“Kimberly? Kenapa kau lama sekali di toilet?” Suara Fargo sedikit memprotes kala Kimberly baru saja masuk ke dalam ruang makan.
“Maaf.” Hanya kata itu yang bisa Kimberly katakan. Wanita itu kembali duduk di samping Fargo. Raut wajahnya terlihat jelas mati-matian menutupi hati dan pikirannya yang begitu berkecamuk.
Tak lama setelah Kimberly kembali ke ruang makan, Damian melangkahkan kakinya tegas memasuki ruang makan. Aura wajah pria tampan itu dingin, dan sangat misterius.
“Damian kau dari mana?” tanya Daston penuh interogasi pada putranya itu.
“Aku baru saja berbicara dengan seseorang yang penting,” jawab Damian datar seraya melihat Kimberly yang tampak pucat.
“Orang penting? Siapa? Apa kau sedang dekat dengan seorang wanita?” sambung Fidelya yang penasaran.
“Bisa dikatakan seperti itu,” jawab Damian lagi dengan senyuman di wajahnya.
“Wah, aku tidak sabar mengetahui wanita yang sedang dekat denganmu, Damian,” seru Fidelya antusias dan tersirat tak sabar.

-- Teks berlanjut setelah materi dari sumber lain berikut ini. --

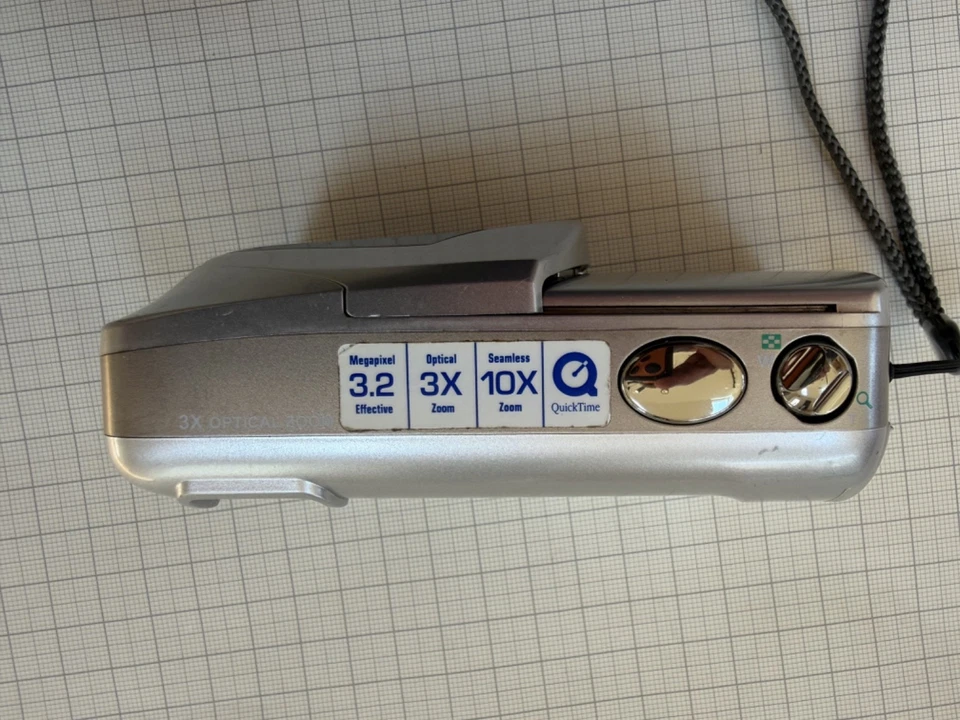 Olympus c-360 Digital Camera and Fujifilm 256mb XD card, photo 4 of 5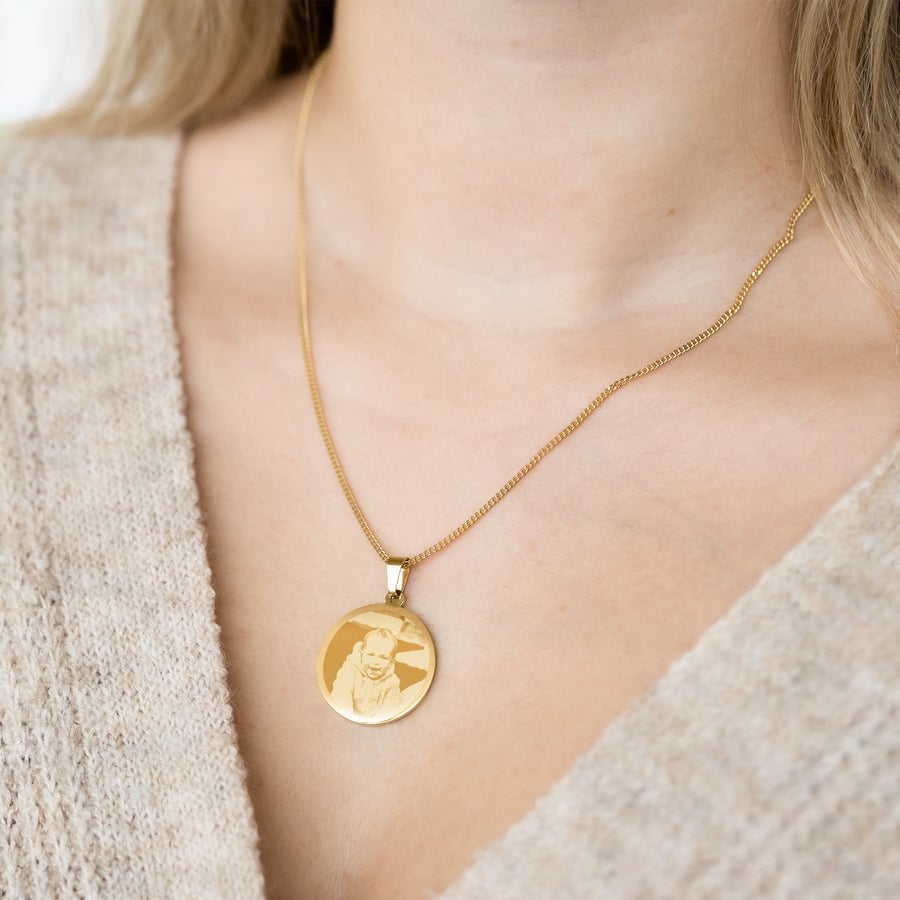 Round pendant necklace Round pendant necklace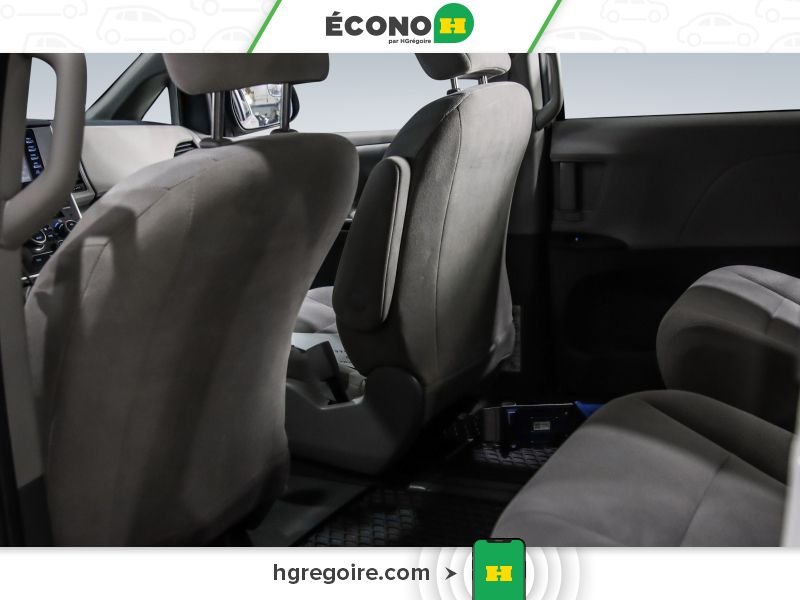 2020 Toyota Sienna White Saint-Eustache - photo #16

Raut wajah Kimberly semakin pucat dengan pancaran mata menunjukkan jelas ketakutannya, mendengar apa yang diucapkan oleh Damian. Dia memilih menundukkan kepala. Sungguh, Kimberly sejak tadi tak henti mengumpat merutuki kebodohannya. Bagaimana bisa dia menghabiskan malam dengan paman tiri suaminya sendiri? Membayangkan itu semua rasanya membuat Kimberly ingin sekali lenyap dari dunia ini.
Sepanjang makan malam berlangsung, tatapan Damian tak henti menatap Kimberly yang sejak tadi menundukkan kepala tak berani menatapnya. Senyuman samar di wajah Damian terlukis. Pun semua orang tak menyadari tatapan Damian itu hanya tertuju pada Kimberly.
Hingga ketika makan malam itu berakhir, buru-buru Kimberly mengajak Fargo untuk segera kembali pulang. Fargo dan Kimberly berpamitan pada seluruh keluarga. Terlihat Damian sejak tadi hanya diam. Bahkan di kala Fargo dan Kimberly berpamitan pulang lebih dulu, tak ada satu pun respon dari Damian. Hanya saja Damian mengulas senyuman misterius dan sorot mata yang memiliki jutaan arti dalam.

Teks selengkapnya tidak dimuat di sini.